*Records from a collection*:
------------------------------------------------------------------------

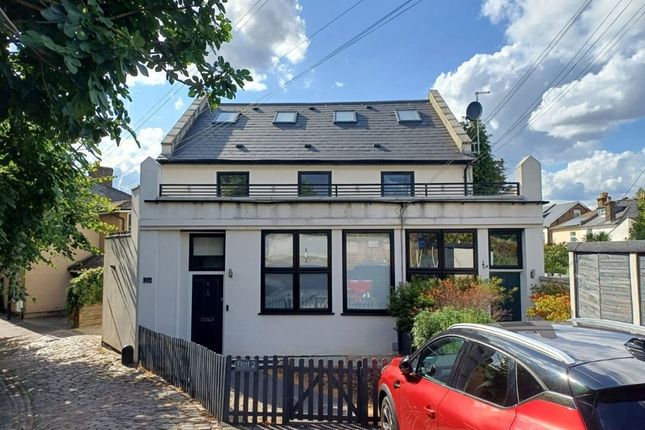 1-bed flat on Flat 5, Bird In Hand Court 291-293, Sydenham Road, CROYDON, £145,000
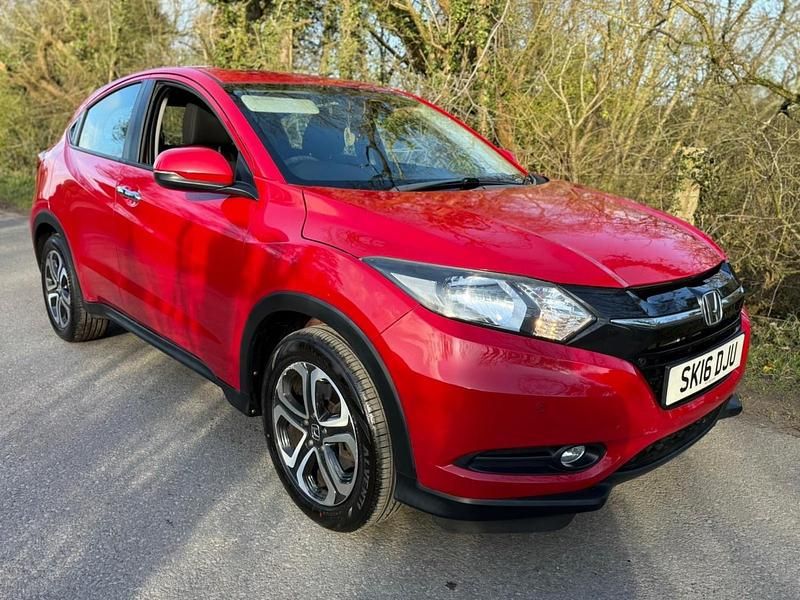 Used Honda HR-V SE 130 HP (95 kW) 2016 Red SUV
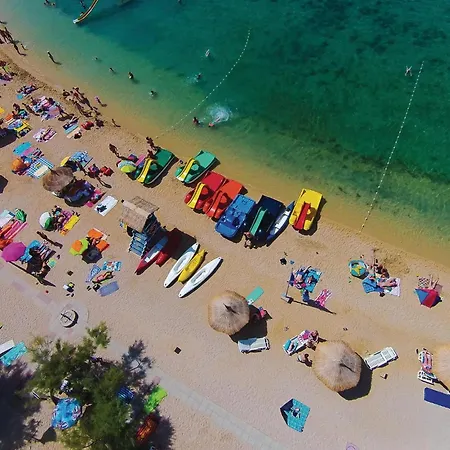 Apartment 3 Bedroom Lovely In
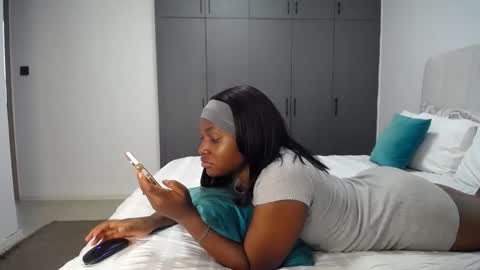 Liya online show from 03-15-26, 06:08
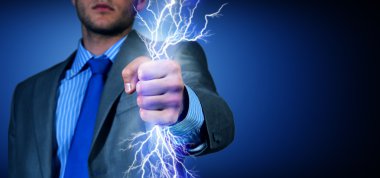 ışıkları ile sıktı elini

------------------------------------------------------------------------

*Your assignment*:
Print every entry exactly; omit the pictures.

*Answer space*:
 1-bed flat on Flat 5, Bird In Hand Court 291-293, Sydenham Road, CROYDON, £145,000
 Used Honda HR-V SE 130 HP (95 kW) 2016 Red SUV
 Apartment 3 Bedroom Lovely In
 Liya online show from 03-15-26, 06:08
 ışıkları ile sıktı elini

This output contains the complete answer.